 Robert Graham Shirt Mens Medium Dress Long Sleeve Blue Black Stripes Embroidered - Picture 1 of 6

---

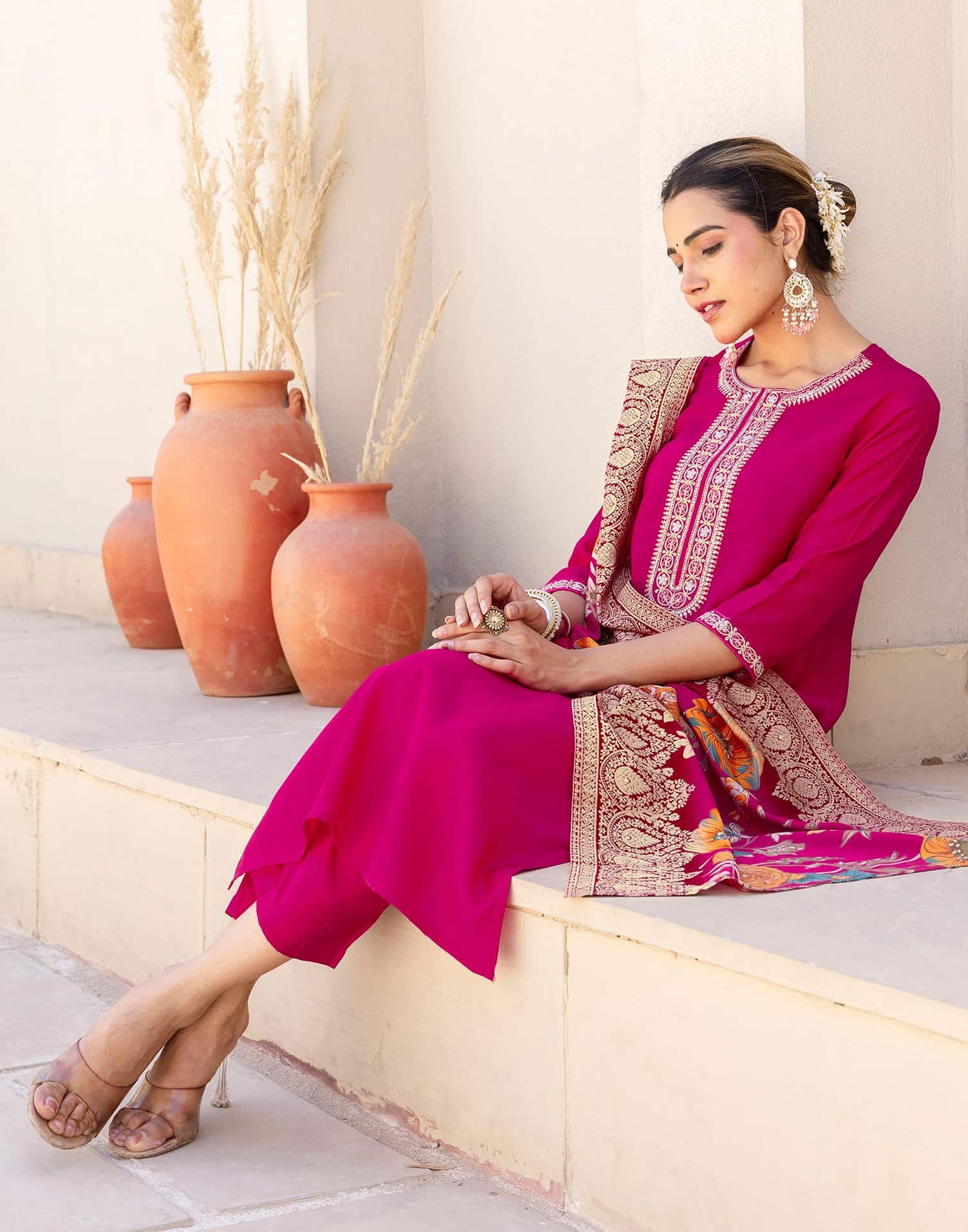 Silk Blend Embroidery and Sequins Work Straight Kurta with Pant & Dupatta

...

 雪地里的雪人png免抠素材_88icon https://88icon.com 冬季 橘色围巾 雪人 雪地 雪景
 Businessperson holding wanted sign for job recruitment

[Work to complete] Give back, unchanged, the run of lines in the listing above that begins at the line containing "雪地里的雪人png免抠素材_88icon https://88icon.com 冬季" and ends at the line containing "Businessperson holding wanted", both included.

[Expected answer]
 雪地里的雪人png免抠素材_88icon https://88icon.com 冬季 橘色围巾 雪人 雪地 雪景
 Businessperson holding wanted sign for job recruitment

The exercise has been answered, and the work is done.